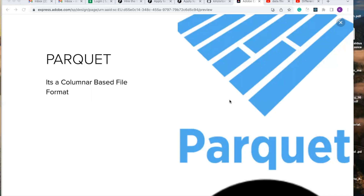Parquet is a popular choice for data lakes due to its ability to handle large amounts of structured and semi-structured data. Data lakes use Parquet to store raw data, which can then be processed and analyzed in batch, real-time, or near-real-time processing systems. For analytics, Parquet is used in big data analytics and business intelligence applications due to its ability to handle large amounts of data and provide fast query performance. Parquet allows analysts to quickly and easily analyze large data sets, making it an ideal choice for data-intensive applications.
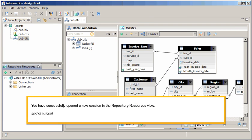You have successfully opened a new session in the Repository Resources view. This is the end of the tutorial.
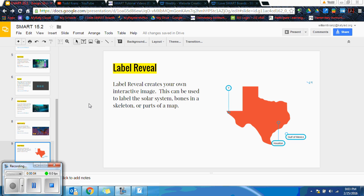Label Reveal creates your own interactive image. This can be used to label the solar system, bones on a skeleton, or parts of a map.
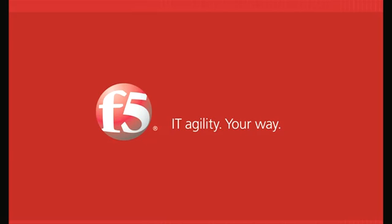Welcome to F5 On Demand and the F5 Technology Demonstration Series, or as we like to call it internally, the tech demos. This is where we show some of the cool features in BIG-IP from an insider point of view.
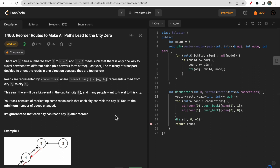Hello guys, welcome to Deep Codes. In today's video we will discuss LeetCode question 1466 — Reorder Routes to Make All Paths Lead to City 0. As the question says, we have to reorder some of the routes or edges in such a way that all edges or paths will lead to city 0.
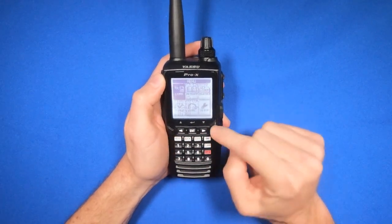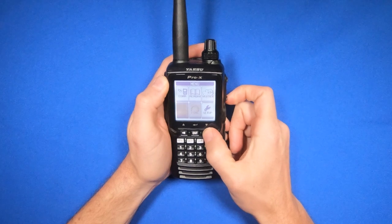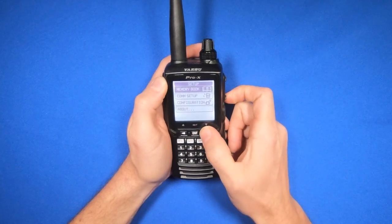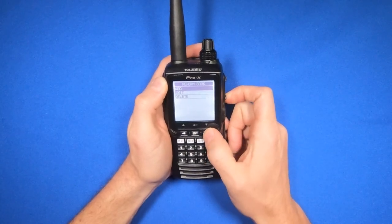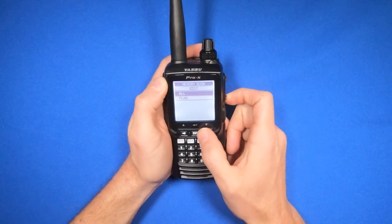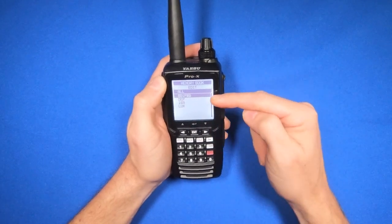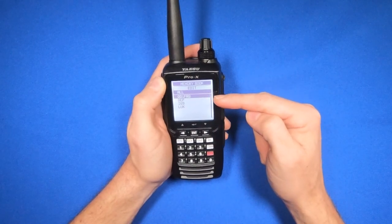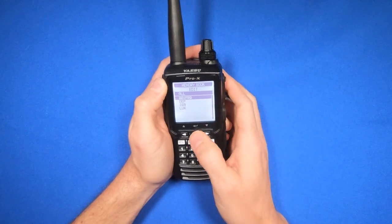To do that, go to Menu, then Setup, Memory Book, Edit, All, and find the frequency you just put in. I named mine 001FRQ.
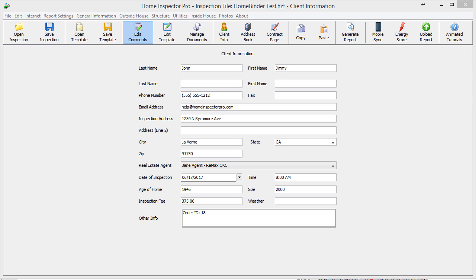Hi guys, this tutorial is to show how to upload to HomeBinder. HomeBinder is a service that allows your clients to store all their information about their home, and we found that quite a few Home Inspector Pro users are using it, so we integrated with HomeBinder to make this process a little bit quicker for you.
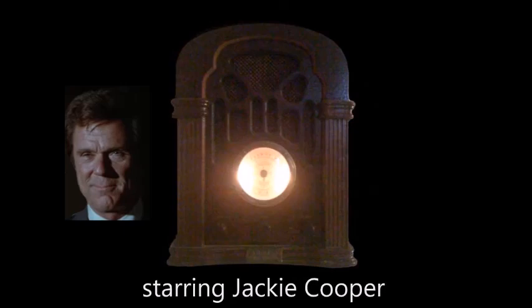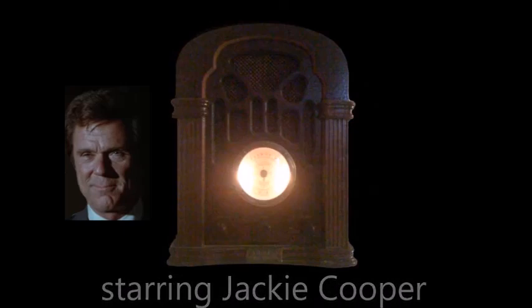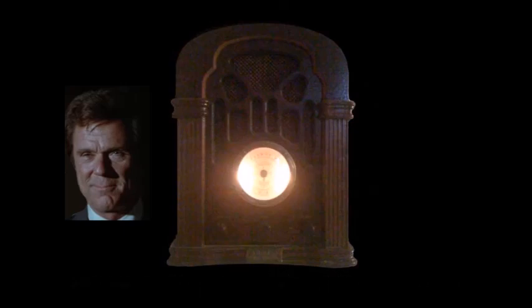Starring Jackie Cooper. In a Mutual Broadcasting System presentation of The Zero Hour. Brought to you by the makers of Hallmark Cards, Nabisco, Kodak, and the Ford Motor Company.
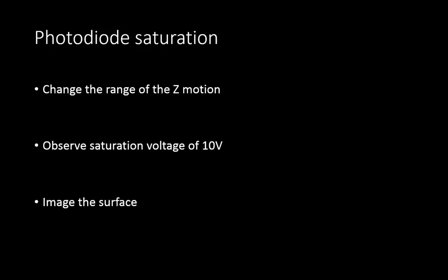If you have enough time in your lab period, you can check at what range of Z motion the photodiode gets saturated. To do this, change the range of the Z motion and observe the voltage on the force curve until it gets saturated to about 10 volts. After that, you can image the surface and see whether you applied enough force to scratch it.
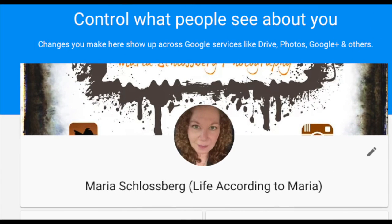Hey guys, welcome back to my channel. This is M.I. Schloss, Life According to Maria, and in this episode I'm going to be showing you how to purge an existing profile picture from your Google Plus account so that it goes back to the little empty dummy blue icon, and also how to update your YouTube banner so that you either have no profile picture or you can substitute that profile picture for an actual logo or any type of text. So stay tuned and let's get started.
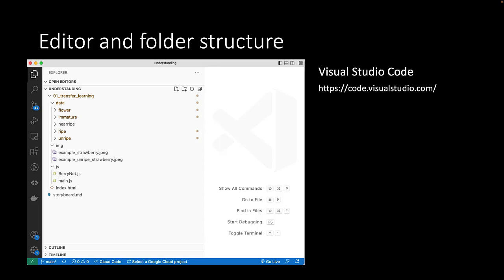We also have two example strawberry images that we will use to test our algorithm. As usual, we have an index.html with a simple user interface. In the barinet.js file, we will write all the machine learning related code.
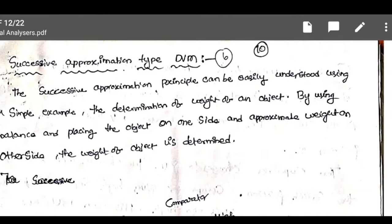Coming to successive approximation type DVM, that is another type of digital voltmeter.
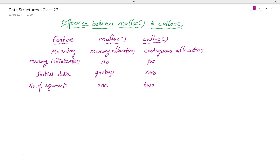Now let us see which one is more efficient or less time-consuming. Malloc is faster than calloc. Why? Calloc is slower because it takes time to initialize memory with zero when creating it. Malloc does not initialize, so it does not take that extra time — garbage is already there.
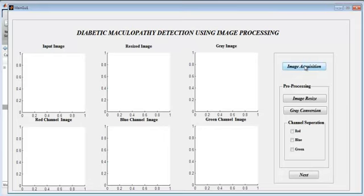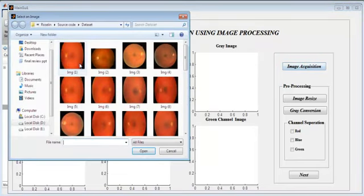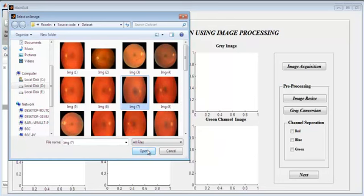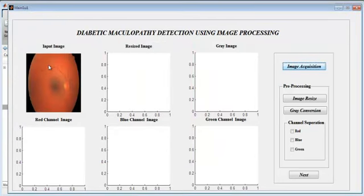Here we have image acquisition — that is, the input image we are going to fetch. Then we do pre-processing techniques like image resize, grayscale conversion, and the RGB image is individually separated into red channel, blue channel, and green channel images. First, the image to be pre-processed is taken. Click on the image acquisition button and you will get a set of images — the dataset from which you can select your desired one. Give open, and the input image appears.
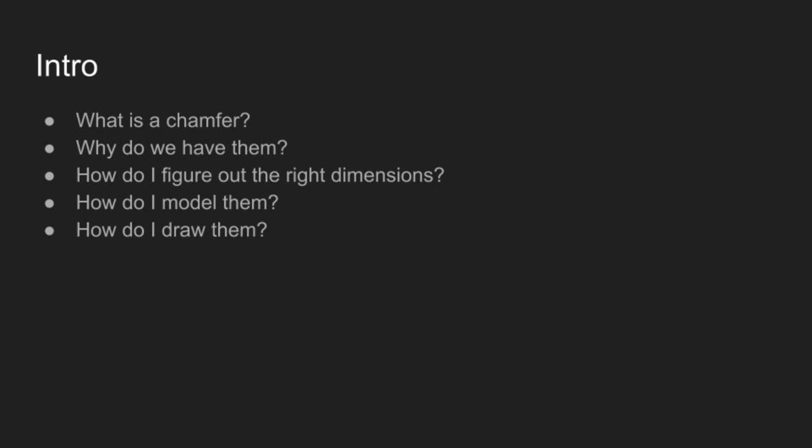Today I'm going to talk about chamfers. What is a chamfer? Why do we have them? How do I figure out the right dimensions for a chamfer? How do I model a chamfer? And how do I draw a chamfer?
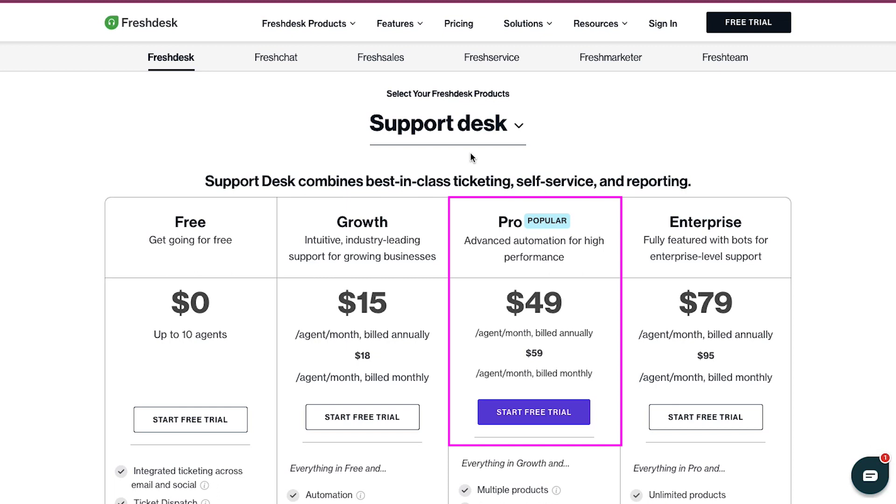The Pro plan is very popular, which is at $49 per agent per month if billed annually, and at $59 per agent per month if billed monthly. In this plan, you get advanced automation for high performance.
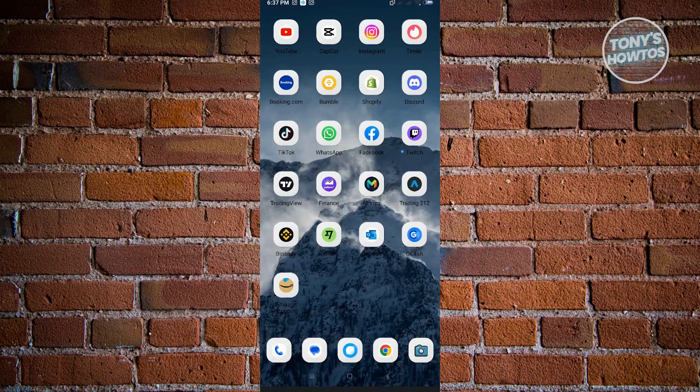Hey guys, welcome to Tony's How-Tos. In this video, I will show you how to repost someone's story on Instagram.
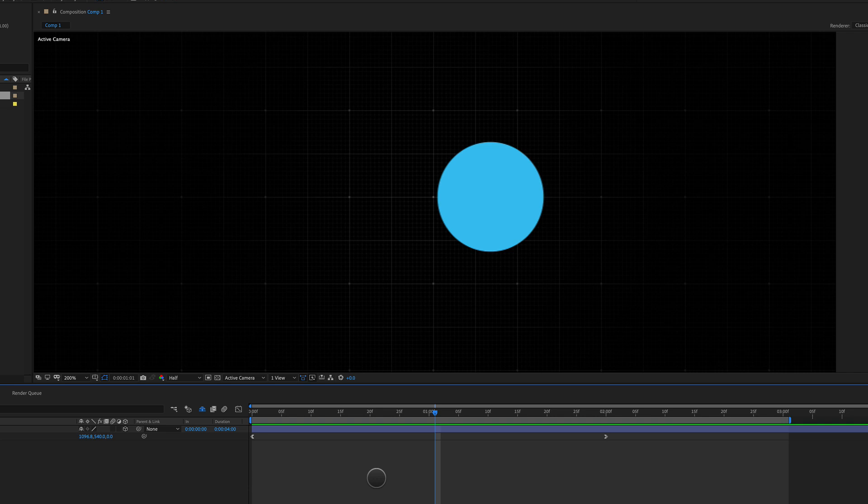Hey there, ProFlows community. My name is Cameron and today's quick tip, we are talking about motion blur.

━━━━━━━━━━━━━━━━━━━━━━━━━━━━━━

→ To do
All the records need to be repeated exactly, with the images dropped.

→ Result of this task
Parquet is a popular choice for data lakes due to its ability to handle large amounts of structured and semi-structured data. Data lakes use Parquet to store raw data, which can then be processed and analyzed in batch, real-time, or near-real-time processing systems. For analytics, Parquet is used in big data analytics and business intelligence applications due to its ability to handle large amounts of data and provide fast query performance. Parquet allows analysts to quickly and easily analyze large data sets, making it an ideal choice for data-intensive applications.
You have successfully opened a new session in the Repository Resources view. This is the end of the tutorial.
Label Reveal creates your own interactive image. This can be used to label the solar system, bones on a skeleton, or parts of a map.
Welcome to F5 On Demand and the F5 Technology Demonstration Series, or as we like to call it internally, the tech demos. This is where we show some of the cool features in BIG-IP from an insider point of view.
Hello guys, welcome to Deep Codes. In today's video we will discuss LeetCode question 1466 — Reorder Routes to Make All Paths Lead to City 0. As the question says, we have to reorder some of the routes or edges in such a way that all edges or paths will lead to city 0.
To do that, go to Menu, then Setup, Memory Book, Edit, All, and find the frequency you just put in. I named mine 001FRQ.
Hi guys, this tutorial is to show how to upload to HomeBinder. HomeBinder is a service that allows your clients to store all their information about their home, and we found that quite a few Home Inspector Pro users are using it, so we integrated with HomeBinder to make this process a little bit quicker for you.
Starring Jackie Cooper. In a Mutual Broadcasting System presentation of The Zero Hour. Brought to you by the makers of Hallmark Cards, Nabisco, Kodak, and the Ford Motor Company.
If you have enough time in your lab period, you can check at what range of Z motion the photodiode gets saturated. To do this, change the range of the Z motion and observe the voltage on the force curve until it gets saturated to about 10 volts. After that, you can image the surface and see whether you applied enough force to scratch it.
Hey guys, welcome back to my channel. This is M.I. Schloss, Life According to Maria, and in this episode I'm going to be showing you how to purge an existing profile picture from your Google Plus account so that it goes back to the little empty dummy blue icon, and also how to update your YouTube banner so that you either have no profile picture or you can substitute that profile picture for an actual logo or any type of text. So stay tuned and let's get started.
We also have two example strawberry images that we will use to test our algorithm. As usual, we have an index.html with a simple user interface. In the barinet.js file, we will write all the machine learning related code.
Coming to successive approximation type DVM, that is another type of digital voltmeter.
Now let us see which one is more efficient or less time-consuming. Malloc is faster than calloc. Why? Calloc is slower because it takes time to initialize memory with zero when creating it. Malloc does not initialize, so it does not take that extra time — garbage is already there.
Here we have image acquisition — that is, the input image we are going to fetch. Then we do pre-processing techniques like image resize, grayscale conversion, and the RGB image is individually separated into red channel, blue channel, and green channel images. First, the image to be pre-processed is taken. Click on the image acquisition button and you will get a set of images — the dataset from which you can select your desired one. Give open, and the input image appears.
Today I'm going to talk about chamfers. What is a chamfer? Why do we have them? How do I figure out the right dimensions for a chamfer? How do I model a chamfer? And how do I draw a chamfer?
The Pro plan is very popular, which is at $49 per agent per month if billed annually, and at $59 per agent per month if billed monthly. In this plan, you get advanced automation for high performance.
Hey guys, welcome to Tony's How-Tos. In this video, I will show you how to repost someone's story on Instagram.
Hey there, ProFlows community. My name is Cameron and today's quick tip, we are talking about motion blur.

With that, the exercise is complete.